Bat and bar Mitzvahs, weddings - are such family events, I am sure it would have been difficult under any circumstance.

Personally, I find the events I dread going to - or am apprehensive about going to - are usually not half as awkward or bad as I envisioned!

Here's to a happier, sunnier day!

All the best,

Jennifer O. said... [Reply to comment]

Though I am not a widower (I'm 32), I still regress to some childhood ways.

When in a group setting with mothers at some school functions, I shut down. It's amazing how people are able to intuit that you don't want to be approached. Even their body shifts away from you.
Sometimes the rare person approaches me anyway, and of course, I have to interact. Most of the time, that approach snaps me out of my self-induced apathy. Sometimes it doesn't.

I marvel at the people who are always "on." How do they do it?

On a side note, I wonder if you've ever read Joan Didion's "The Year of Magical Thinking."? It's a wonderful memoir about the author dealing with her husband and collaborator's death.

Anyhow, I'm a new subscriber.

Widow in the Middle said... [Reply to comment]

Great situation to post about! I think this sometimes doesn't relate to widowhood at all.
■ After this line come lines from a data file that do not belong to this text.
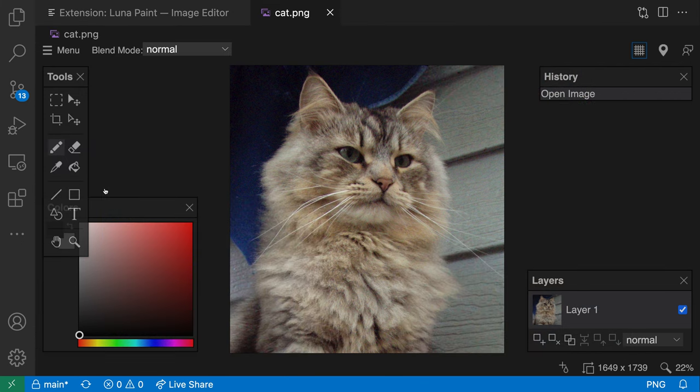You can make further modifications using Luna Paint. Remember, for this command to work, you need to have image data in your clipboard. This could come from another image editing program, or from the snipping tool or screenshot utilities on macOS.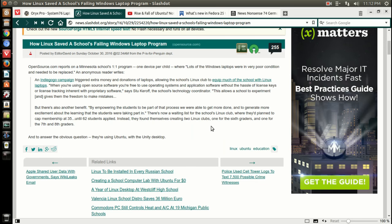Well, continuing with Linux, apparently Linux saved a school's failing Windows laptop program in Minnesota. An Indiegogo campaign raised some money and donations of laptops, allowing the school's Linux club to equip much of the school with Linux laptops. And you might be wondering which Linux operating system is in those laptops. Well, Ubuntu, of course.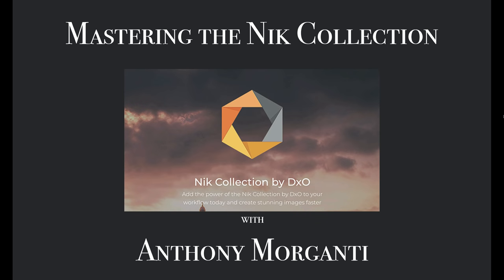Hey guys, this is Anthony Morganti from OnlinePhotographyTraining.com. Welcome to my video series, Mastering the Nik Collection.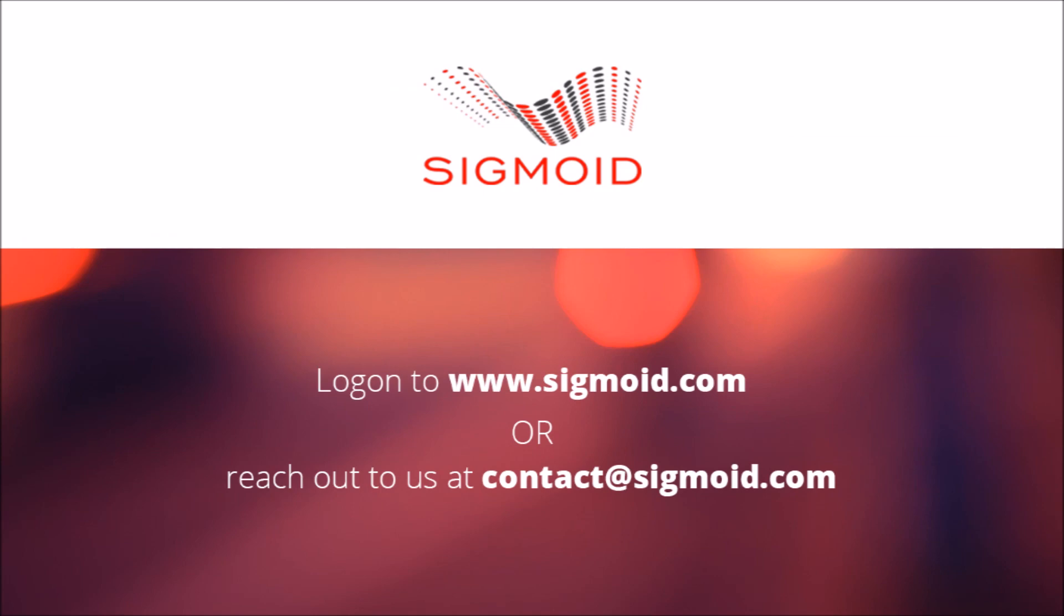So set your programmatic tool in place now. Log on to www.sigmoid.com or reach out to us at contact@sigmoid.com for any assistance.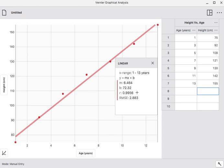So, that is how you use Vernier Graphical Analysis to make a scatter plot and find linear regression.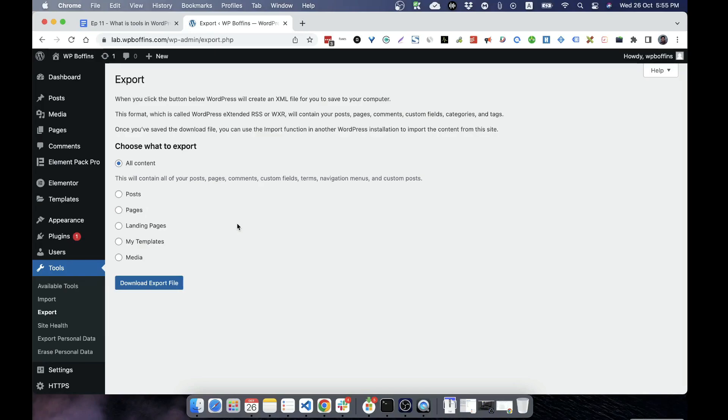Hopefully you got an idea what is WordPress tools. I hope you can use it now, and we'll see you in the next video. Till then, take care, bye bye.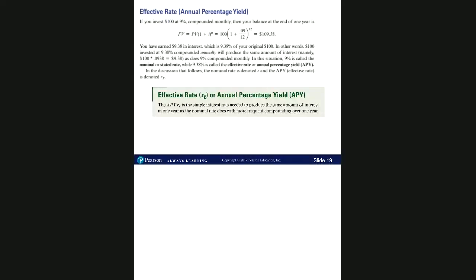Hello, this video will cover section 5.2 compound interest for the class Math 1324. The video will focus on effective rate, or annual percentage rate, also known as APY. We will be covering examples 8, 9, and 10.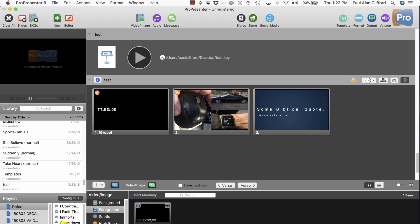You'll notice that when you click on that item, it looks just like a foreground video. It has a play button, just like a foreground video when it's not in a song, sermon notes, or other document.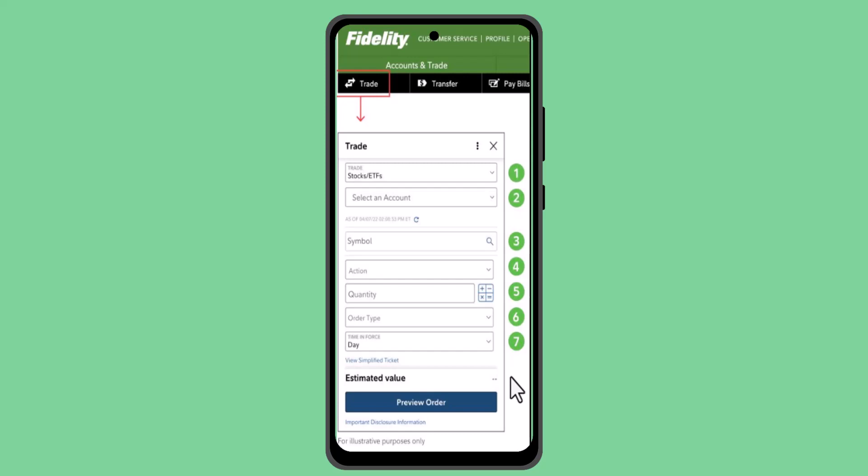How to sell stocks on Fidelity. Hi everyone, welcome back to our channel. In this video I'll be showing you the ways to sell stocks on Fidelity. First of all, you need to make sure that the device is connected to an internet service. Then to begin with, go ahead and log into your account.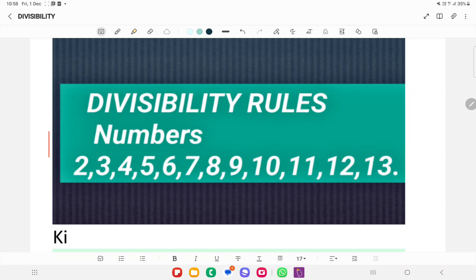Welcome to MPC Foundation Academy. In this video, we will discuss the divisibility rules of numbers 7, 12, and 13. Now we will start our video.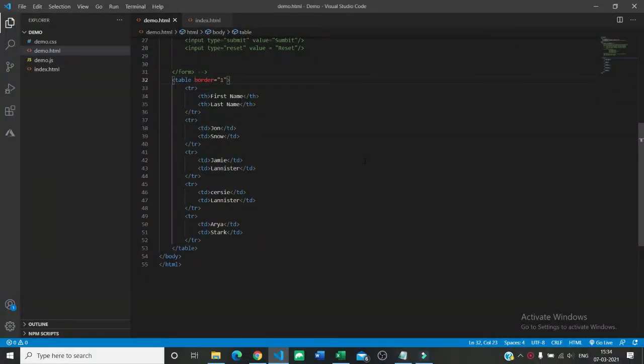Hello everyone, welcome back to Your Engineer YouTube channel. We are here presenting a course on HTML and CSS. This is lecture number 9 and today we are going to talk about rowspan and colspan.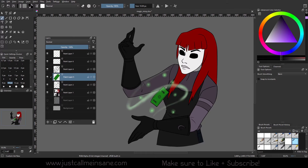Hey everybody, welcome back to another Krita tutorial. Today we're going to go over Krita 5.2 and some updates to the layers. Not anything super major, just some quick updates that can make it a little bit easier, which is always the goal when you want updates coming your way.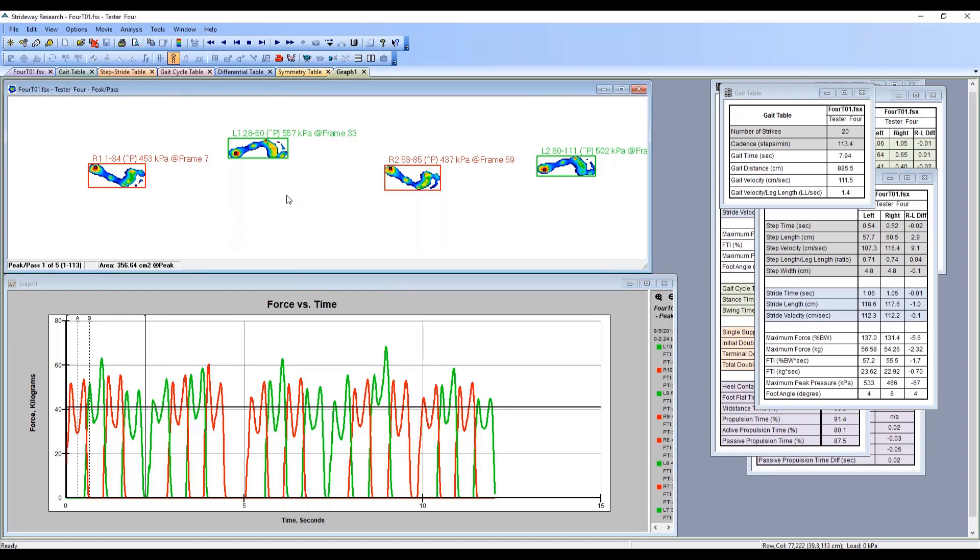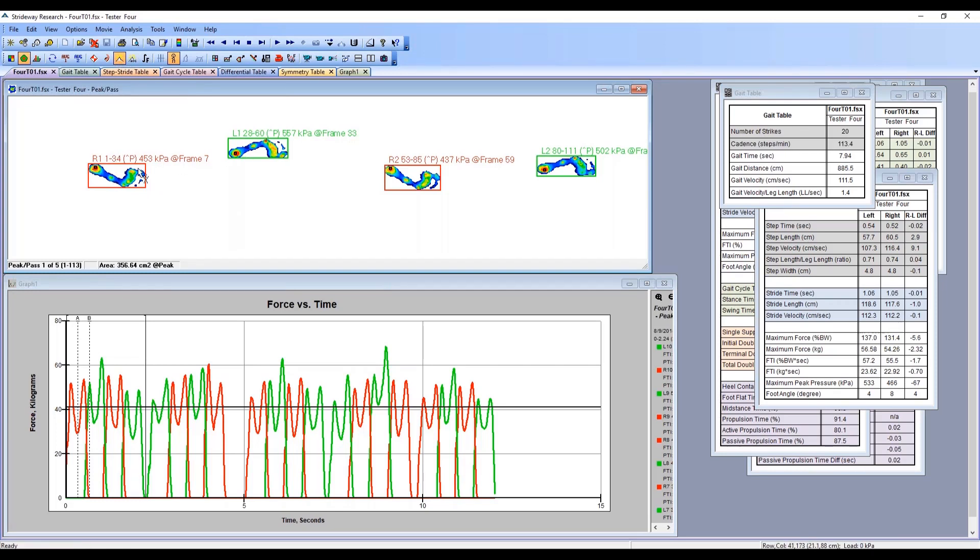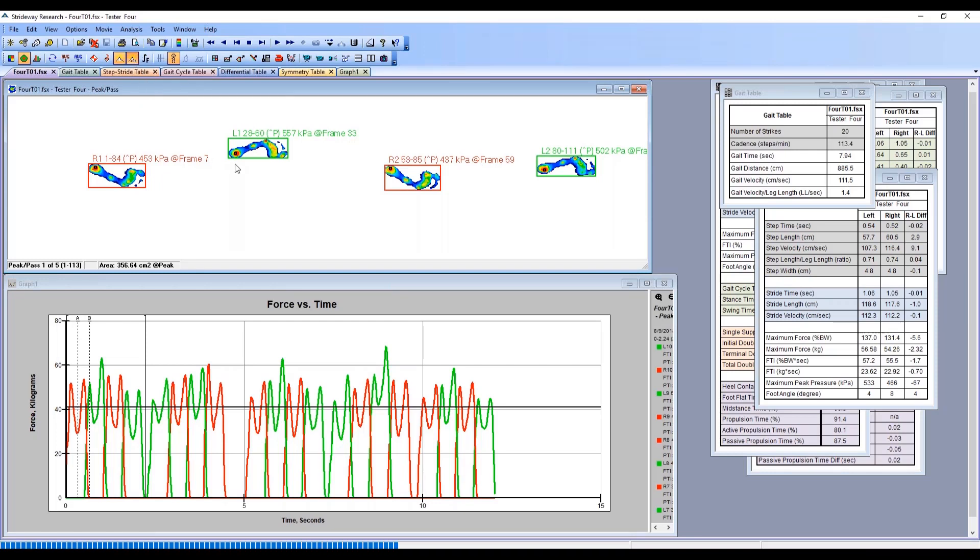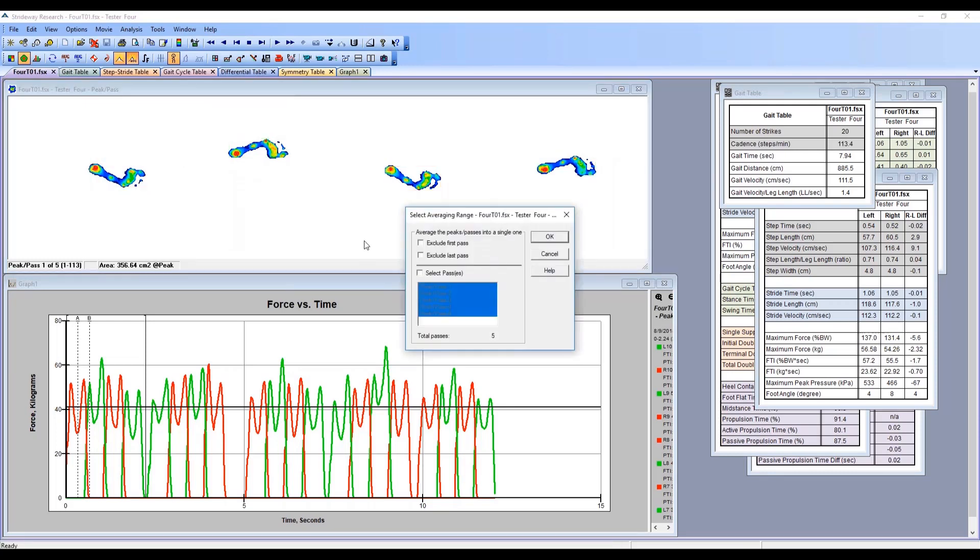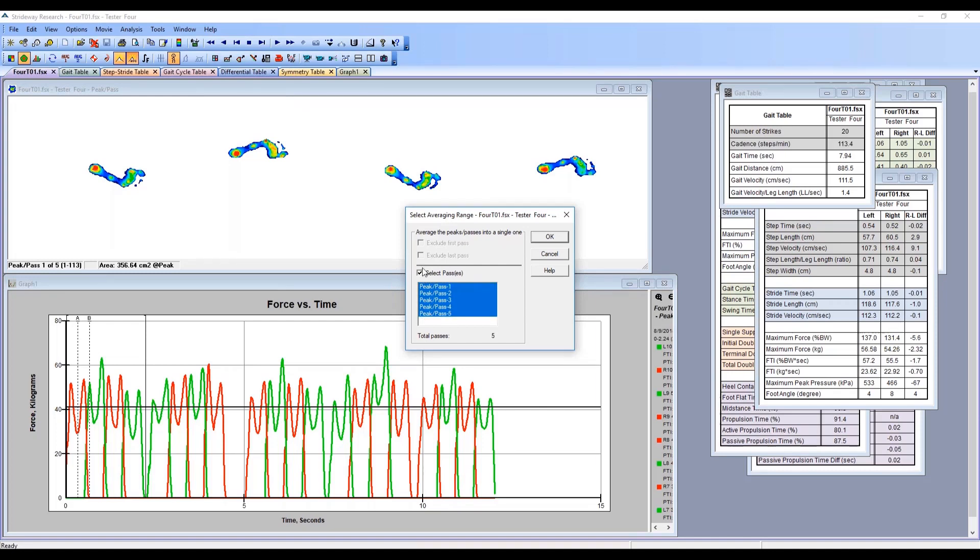We can use the ability to average the data. We're in peak stance mode right now, showing the peaks of each foot strike. If we hit average peak, you'll see that the software will take all of the passes. Here you have the choice of selecting only certain passes that you want included in your data, or you can select them all.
Like there are days I just have a bad day at work due to stress, being over tired, etc. Some events I handle better than others. Some I've left, some I've stayed at. Some I've managed to have a good time and at others I've been downright miserable.

Terrible that that family you sat with was so uncommunicative. I love talking to people I don't know. Also, great that you turned around and attended the party instead of heading back home. I would have felt so proud of myself just for accomplishing that. Bravo.

This Sat. I will be at a show choir competition all day. But I am looking forward to it. I'll bring a book and knitting and even if I sit alone viewing some of the performances, I'm excited about seeing the young people perform and I'm not going to dwell on being there alone. I even might try and start some conversation with the people around me instead of waiting for people to talk to me.